À quand un nouveau roman ?
Je ne sais pas. Je suis restée longtemps sans écrire. Mon clavier était cassé. Il manquait la touche Espace.

À quand une nouvelle… nouvelle ?
Elle est en cours. Elle parle d'amour et de trahison. Un sujet très original. J'innove totalement.

Avez-vous d’autres adaptations en cours de vos œuvres pour le cinéma ou la télé ? Écrire un scénario de long métrage ou de série ne vous tenterait-il pas, d’ailleurs ?
Tout me tente, tout ! Le problème, c'est que (sans me comparer à elle sur le plan du talent, bien sûr), je suis aussi paresseuse que Françoise Sagan, mais beaucoup moins dépensière. Elle se rendait au casino et aux courses alors que moi je vais au Casino faire mes courses et elle conduisait une Jaguar Type E alors que je passe le plus clair de mon temps à regarder les gens dans le métro. Pour mon éditeur, c'est une calamité.

“Je suis restée longtemps sans écrire. Mon clavier était cassé. Il manquait la touche Espace.”

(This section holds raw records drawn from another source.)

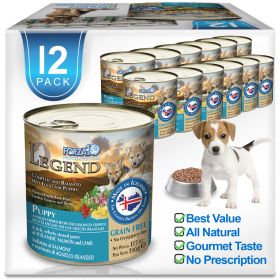 Legend Dog Puppy Wet Food 13.7oz/12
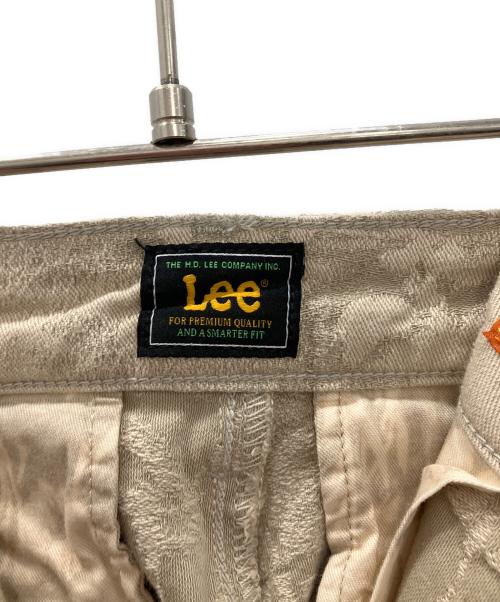 PAUL SMITH（ポールスミス）PAUL SMITH (ポールスミス) LEE (リー) ジャカードテーパードトラウザーズ　ベージュ ベージュ サイズ:Mの古着・服飾アイテム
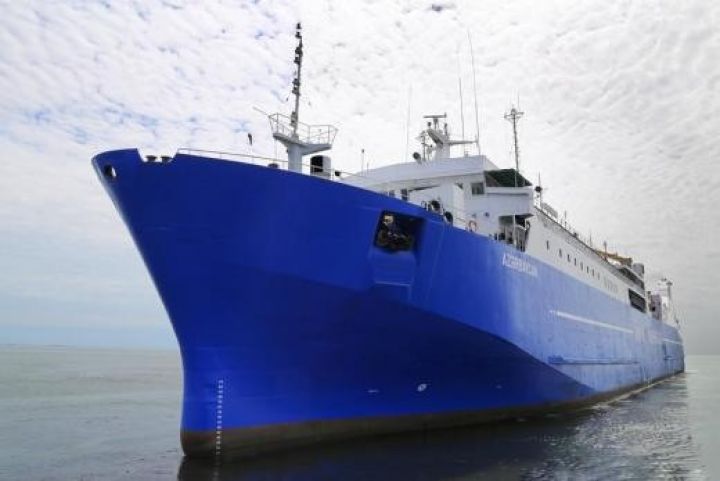“Azərbaycan” gəmi-bərəsi istismara verildi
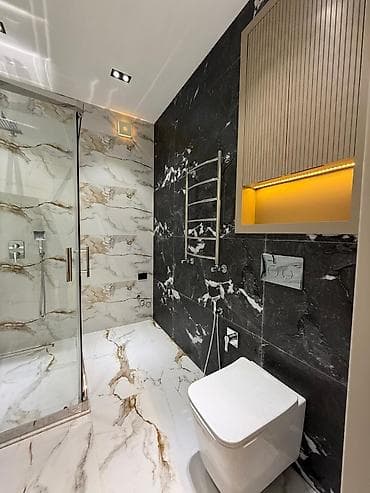 studio evler: Yasamal, 2 otaqlı, Yeni tikili, m. Elmlər Akademiyası, 68 kv. m — 9
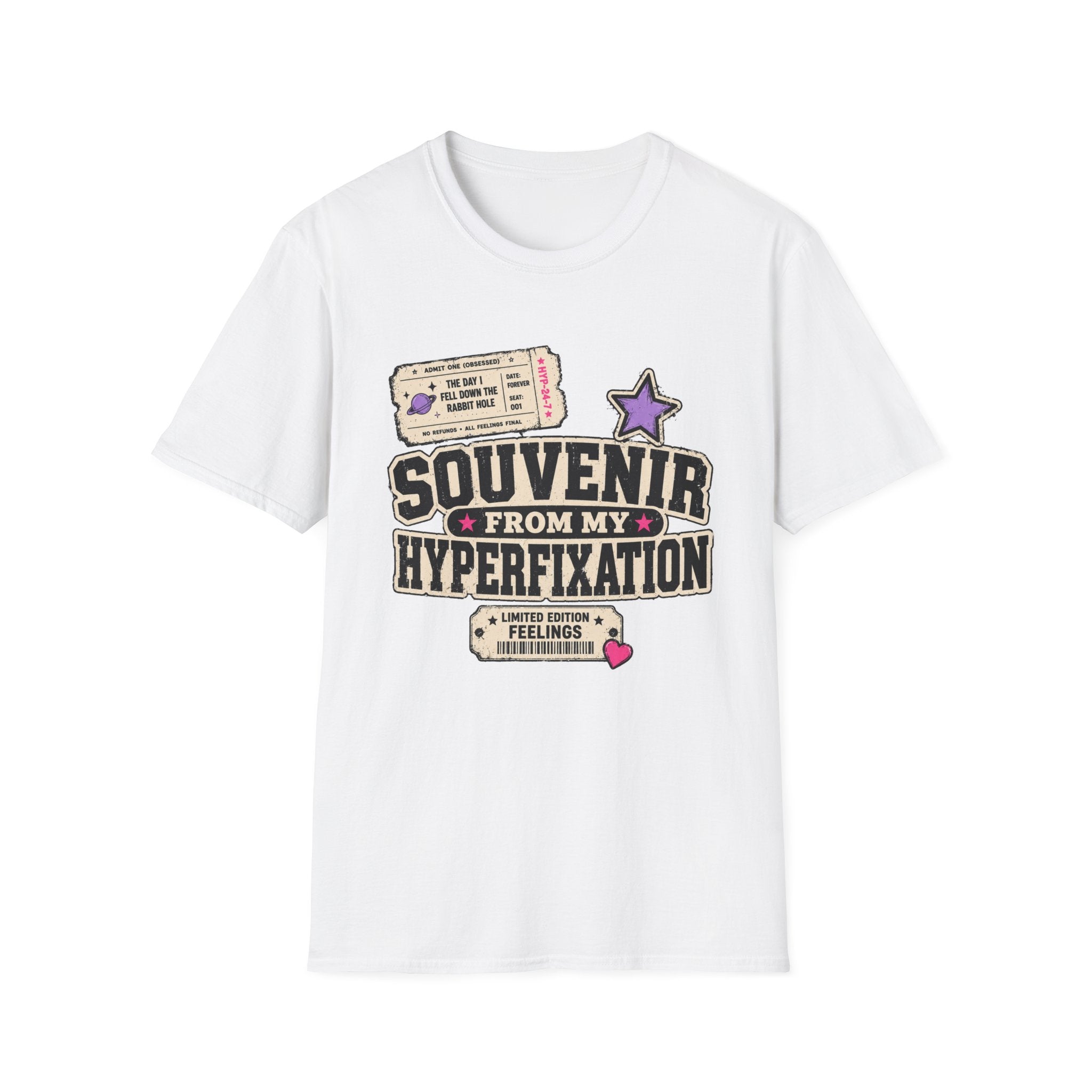 Souvenir from My Hyperfixation T-Shirt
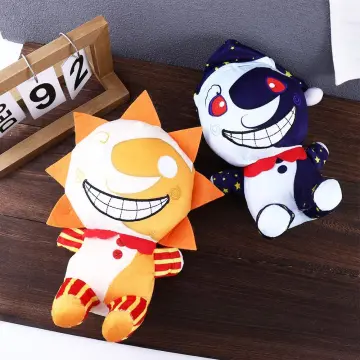 2022 New Fnaf Sundrop Plush Toys Security Breach Sunrise Moondrop BOSS Goat  Plush Toy Game Dolls Gift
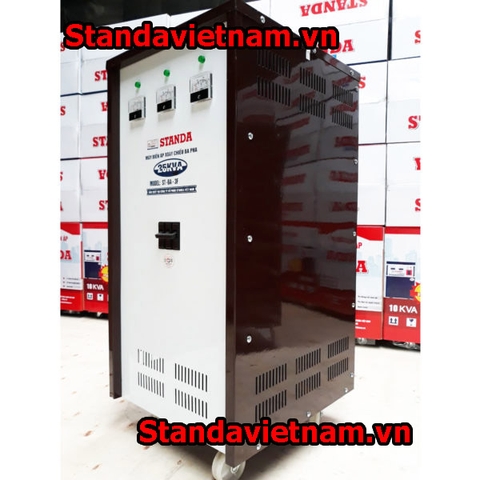 Biến áp Standa 25kva 3 pha Dùng Cho Máy CNC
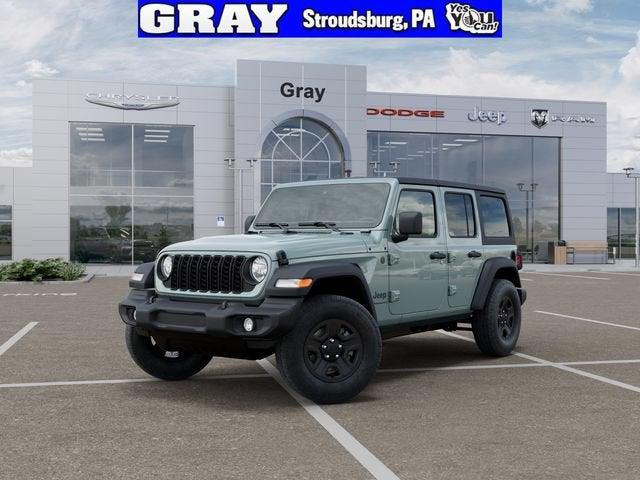 2026 Jeep Wrangler WRANGLER 4-DOOR SPORT 2026 Jeep Wrangler WRANGLER 4-DOOR SPORT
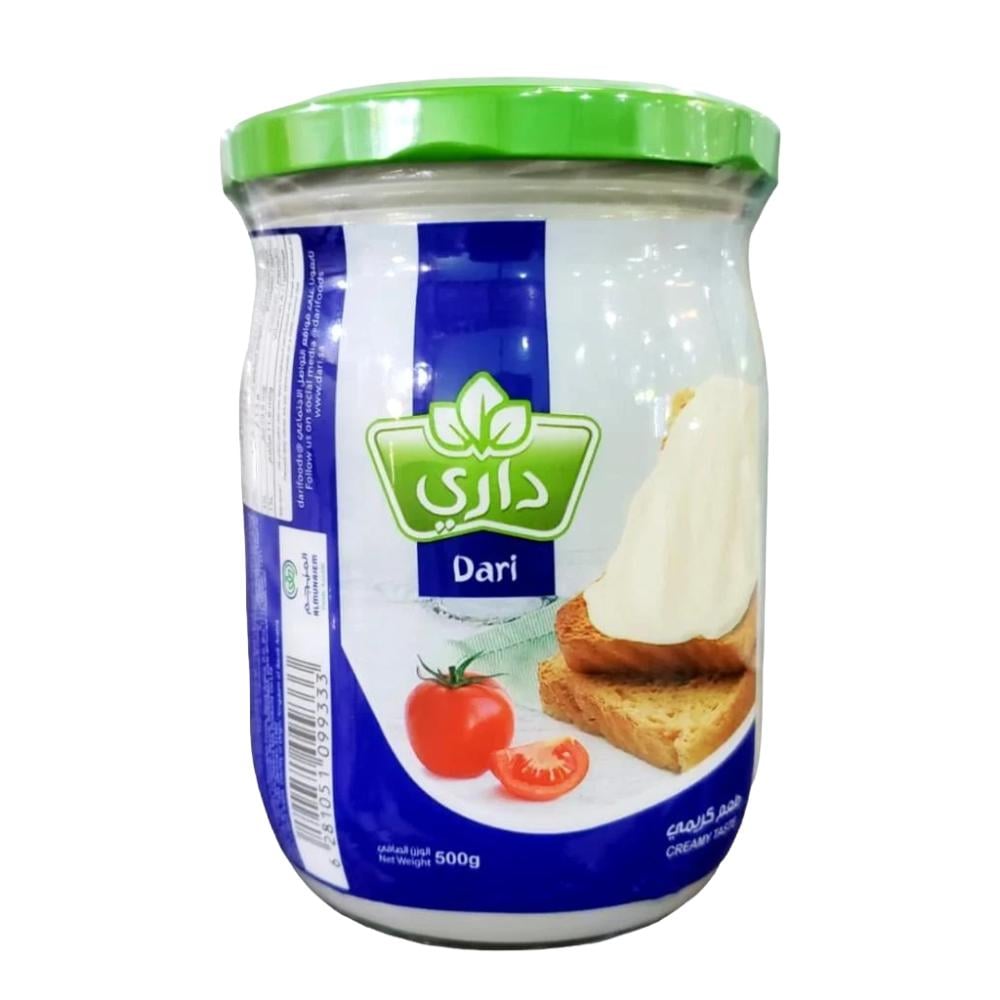 جبنة كريمية قابلة للدهن من داري – 500 جرام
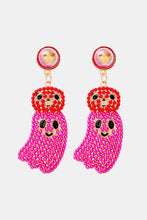 Load image into Gallery viewer, Halloween Ghost Shape Dangle Earrings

Suivez-vous de près l’actualité ? Y a-t-il un événement qui vous interpelle, taraude, navre, émerveille ?
Je suis totalement déconnectée de l'actualité, mais, dans le métro, il n'y a pas un seul visage que je ne regarde pas longuement en me demandant qui se cache derrière et quelle est l'actualité de ce cœur plus ou moins “endormi”.

Enfin, pourquoi ne plus donner d’interview de vive voix ?
Parce que je suis mauvaise à l'oral. J'aime rencontrer les gens, pas faire mon show. Je me suis un peu forcée autrefois, mais maintenant je ne me force plus. J'ai prévenu mon éditeur, il est OK.